Export-Import Bank of the United States and the Overseas Private Investment Coporation – finance agencies that help drive US exports and aid development overseas – had been fighting a seven-year lawsuit by Friends of the Earth, Greenpeace and four US cities. The plaintiffs argued that carbon dioxide emissions from projects funded by the two organizations are hurting these cities economically: “global warming, the suit argued, influences Santa Monica’s water supply, the sea level near Oakland’s airport and the snow on Rocky Mountain ski slopes” near Boulder, Colorado, according to the LAT story. They said these impacts should have been assessed ahead of time under the National Environmental Policy Act, the seminal US environmental law.

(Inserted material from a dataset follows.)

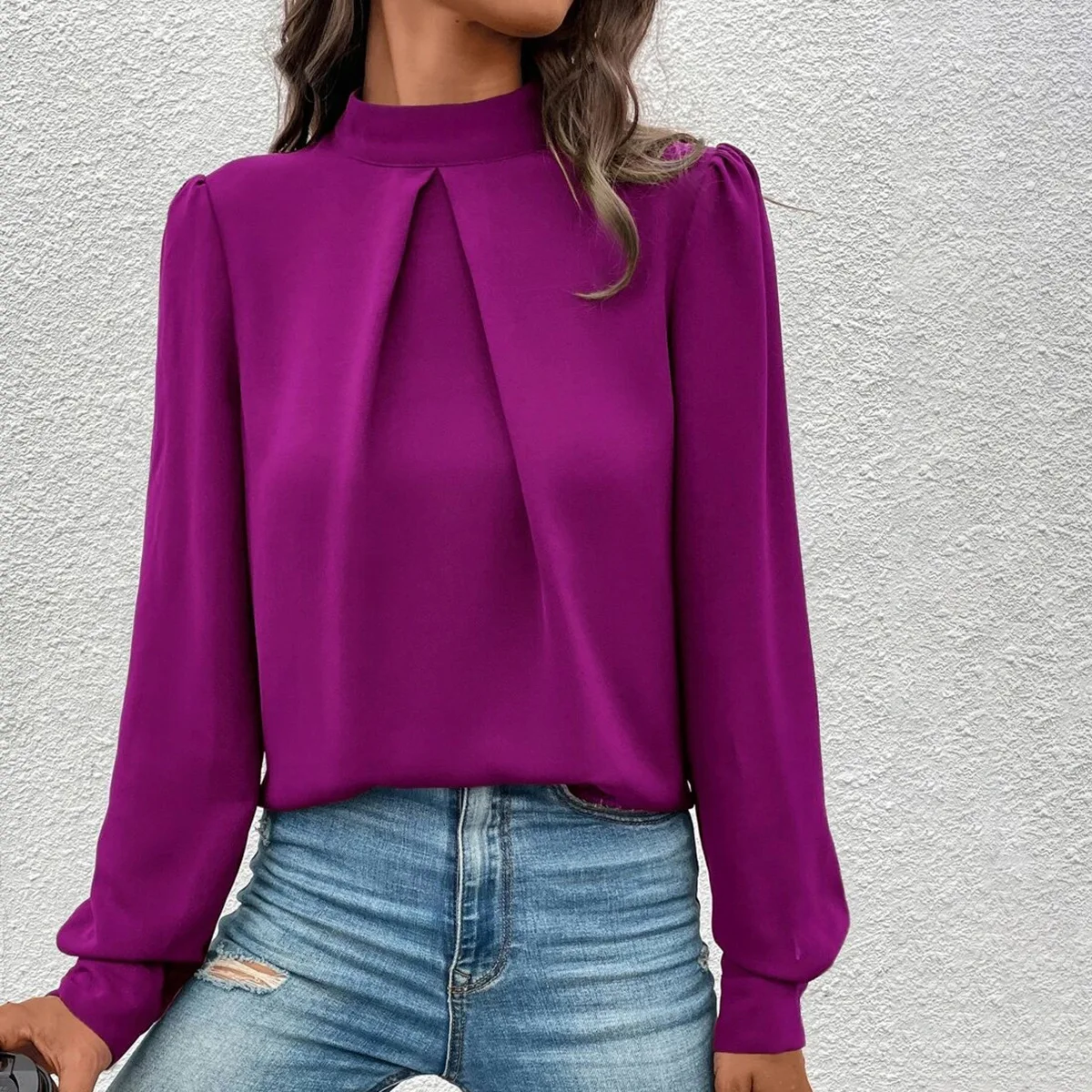 

2026 Summer New Satin Shirt European and American Fashionable Long-sleeved Satin Top Shirt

The agencies settled the suit Friday, a few weeks into Obama’s tenure – no coincidence, suggests Bill Hewitt over on his blog. “There’s a new sheriff in town,” agrees Salon’s Andrew Leonard, pointing out that last week the Obama EPA started its own lawsuit over a coal power plant upgrade in Kansas that allegedly failed to add in required pollution controls. The finance agencies’ settlement is intriguing because the battle they’re conceding is reminiscent of others that Bush’s people fought tooth and nail until their very last days. Earlier in this suit over fossil fuel funding, says the LAT, the Bush administration argued that “alleged impacts of global climate change are too remote and speculative” to be part of project reviews. We heard essentially the same rationale in December when they pre-empted the possibility of using impacts on endangered species as the basis for limiting emissions. A parallel struggle over regulating power plant carbon footprints under the Clean Air Act (see this post and subsequent developments) has yet to be addressed by the Obama team.

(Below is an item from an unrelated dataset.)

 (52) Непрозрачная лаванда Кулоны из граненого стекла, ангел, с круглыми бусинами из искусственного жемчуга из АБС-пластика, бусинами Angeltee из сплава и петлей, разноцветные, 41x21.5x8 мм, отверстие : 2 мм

The settlement has the agencies committing $250 million each to renewable energy projects, reports the LAT. Friends of the Earth announced that the EIB has promised to take emissions into account when evaluating new ventures and to develop a carbon policy, while OPIC will aim to reduce its projects’ greenhouse gas emissions 20% over the next ten years. That could add up: an earlier LA Times investigation (h/t DeSmogBlog), based on data from Friends of the Earth, counted up at least 12 billion tonnes of carbon dioxide from just a subset of the projects the two funded in 1993-2006.